An important initial point to recognise is that not all the regulation which has followed the financial crisis has been as a consequence of the crisis or designed to prevent similar events occurring in the future. Clearly, some of the regulation has been for this purpose – the Dodd-Frank legislation in the US, Basel III in the EU, the AIFMD in the EU, new regulations relating to credit rating agencies, executive compensation, derivatives, and so on. But equally, there has been a substantial body of what many would classify as new or expanded regulation which may have followed after the crisis in time, but has not truly been a response to it. Examples of this would include FATCA, CRS, the TIEA network, enhanced and expanded AML obligations, a much more extensive international sanctions regime, and greater public and/or non-public disclosure obligations (such as corporate beneficial ownership).
So without a doubt the last decade has seen materially more regulation and a consequential greater compliance burden – but not all of it can or should be laid at the door of the financial crisis.

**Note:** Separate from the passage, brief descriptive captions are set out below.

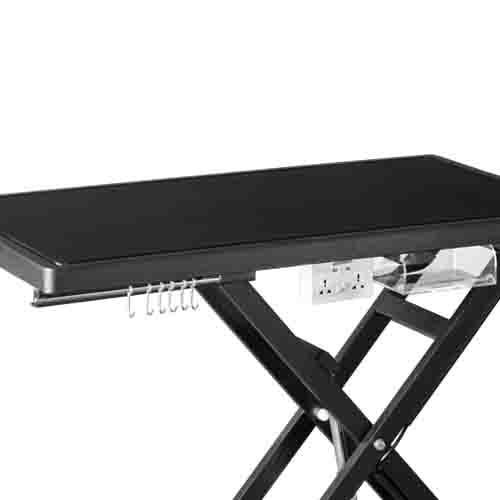 Artero Electric Table Premium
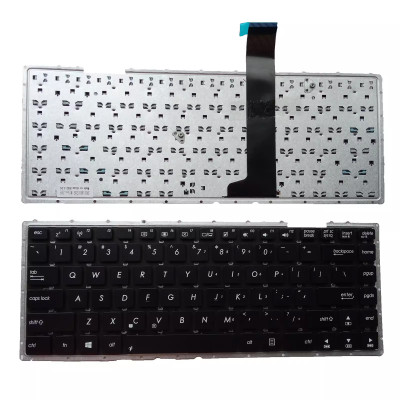 Asus X401 X401A X401U S401A S401U R402 F401 US keyboard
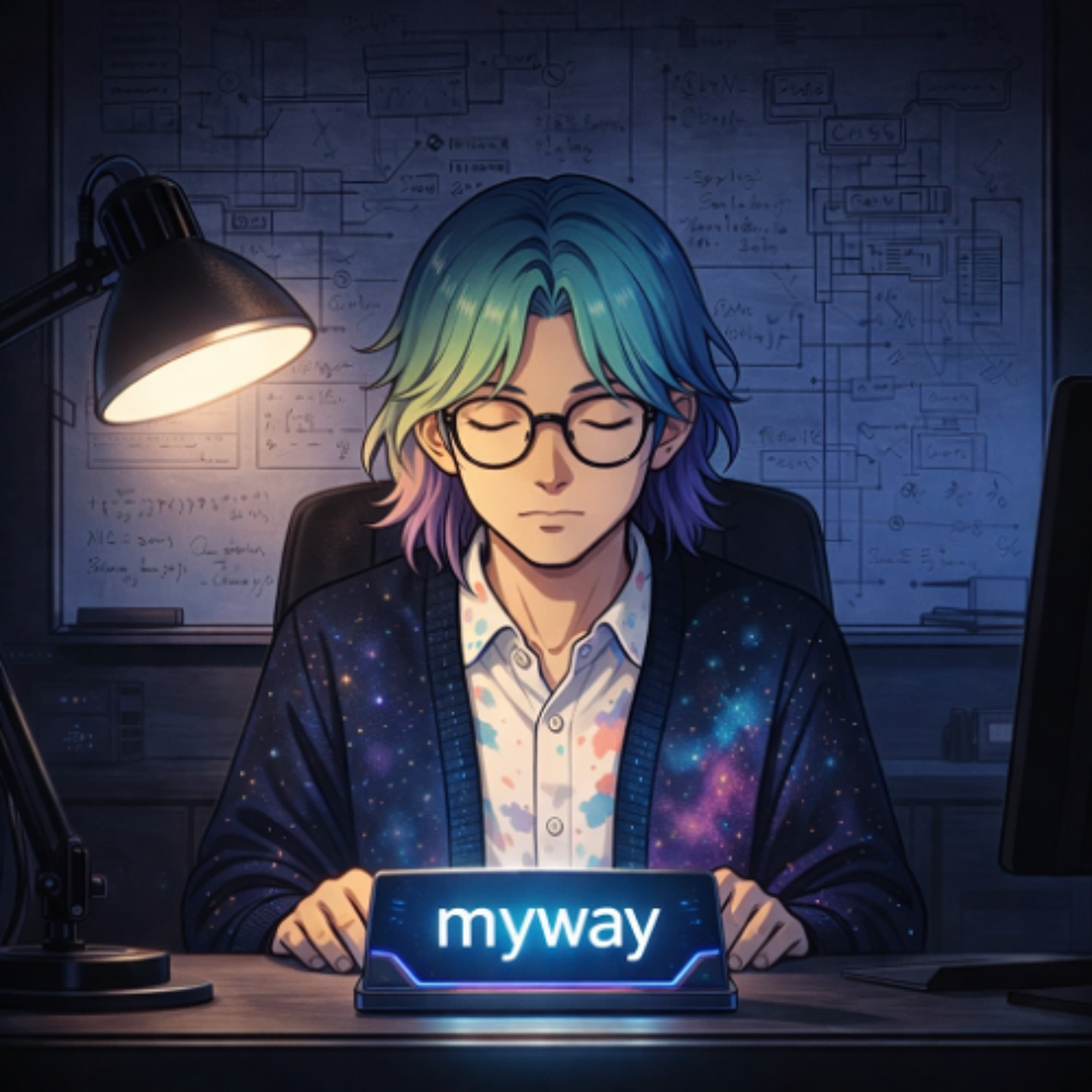 myway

And has the significantly thicker statute books and correspondingly bulkier compliance manuals made the world in general and Guernsey in particular a better place?

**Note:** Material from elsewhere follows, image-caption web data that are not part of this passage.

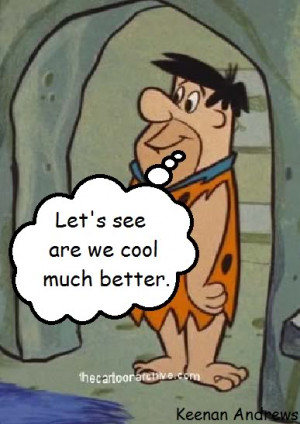 Fred Flintstone Graphics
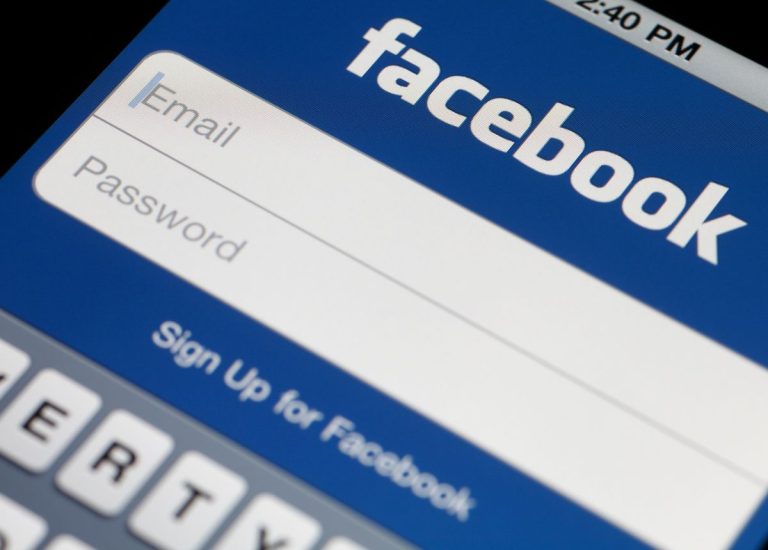 Cách lấy lại Facebook không cần mã xác nhận nhanh, đơn giản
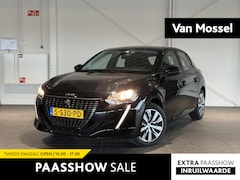 Peugeot 208 - 1.2 PureTech Active Pack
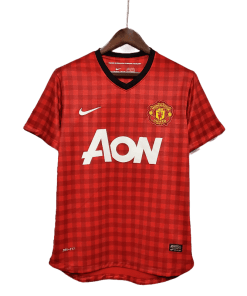 Manchester United Retro 1994/1996 Home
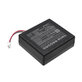 Baterie pro Hobot Legee 668, Legee 669, 2600mAh, Li-Ion, 14.8V, HB668P108, HQ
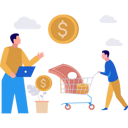 پیش‌نمایش فایل businessmen-are-working-10890940 از پک امور مالی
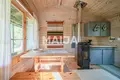 Коттедж 1 комната 19 м² Киттиля, Финляндия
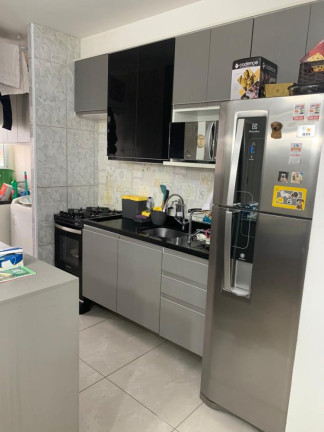 Imagem Apartamento com 2 Quartos à Venda, 56 m² em Conceição - Osasco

In relation to the general position, there is scant evidence one way or the other. Legislators are materially more adept at passing new regulatory laws than they are at collecting empirical data on its practical impact and evaluating its consequences for businesses, consumers and the wider public.
It is true to say that ten years on from the crash financial services remains the Island's biggest employer, accounting directly for more than one-in-five jobs. However, it would be taking a particularly optimistic and charitable view of regulation to say that this sustained success was a direct result of the positive effects of regulation. And, indeed, some may well argue the contrary position and say that regulation has been wholly negative and that the employment figures are despite the regulation and would be even higher were it not for the dampening effects of increased regulation and greater compliance burden.

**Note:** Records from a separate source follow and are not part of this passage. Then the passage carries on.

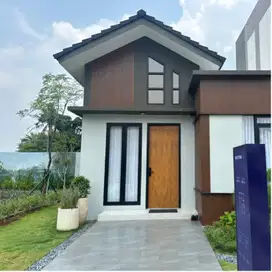 Rumah Di Shila At Sawangan Cicilan 4 Juta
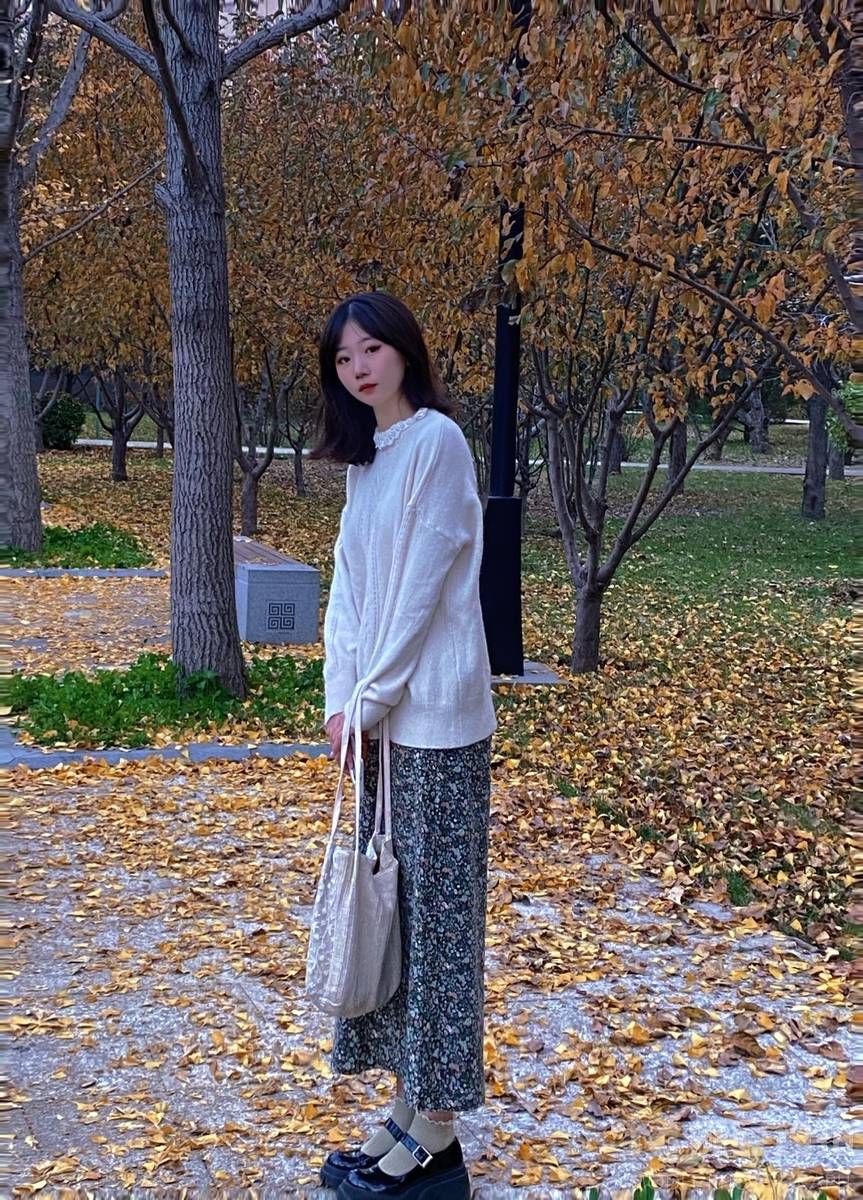 旗袍模特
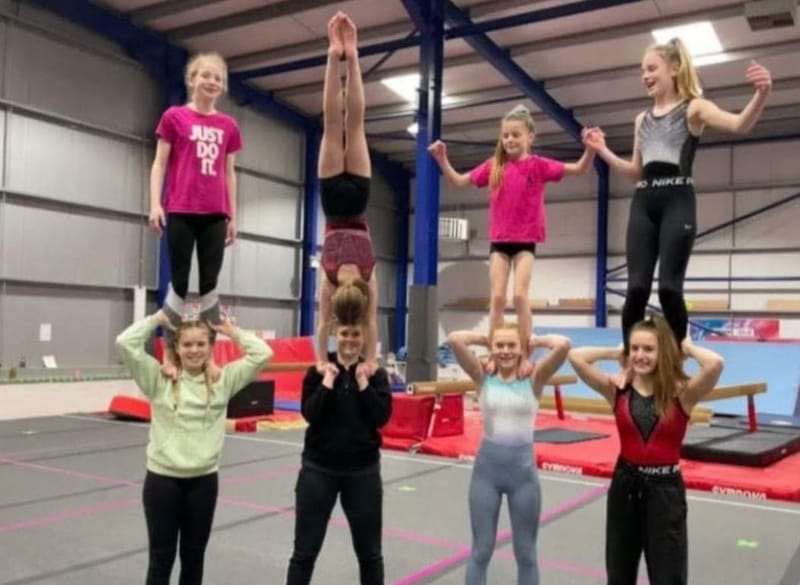 BIRTHDAY PARTIES AT NWGC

Whichever stance you take on that point, one issue is beyond doubt – irrespective of the greatly increased level of regulation we have seen in the past decade (whether introduced as a consequence of the financial crisis or to address other issues), financial services business in Guernsey has remained remarkably robust and has increased in scale to a material degree. This was underscored by the higher than expected GDP figures announced for Guernsey this year.
And this is reflected in our own business. Our Guernsey office is materially larger and busier now than it was a decade ago. An increasing proportion of our work is devoted to advising on regulatory matters. This work goes far beyond what one would traditionally think of as the regulated sector (such as funds, banking and insurance). The need to consider and advise upon regulatory and compliance issues arises in a huge variety of transactions – such as corporate M&A matters where regulatory reviews are now a large and important element of the due diligence process.
Yes, the greater regulation is challenging. But in our experience it also presents a real opportunity – principally for those advisors who are able to address the complexity and explain it in clear and straightforward terms to their clients and for those who are able to implement and comply with the new regimes in ways that are practical and pragmatic and which disrupt as little as possible their clients' objectives.
The increased level of regulation we see has made the business of financial services in Guernsey materially more complex and challenging in the past decade, but there is no sign of it ending that business any time soon.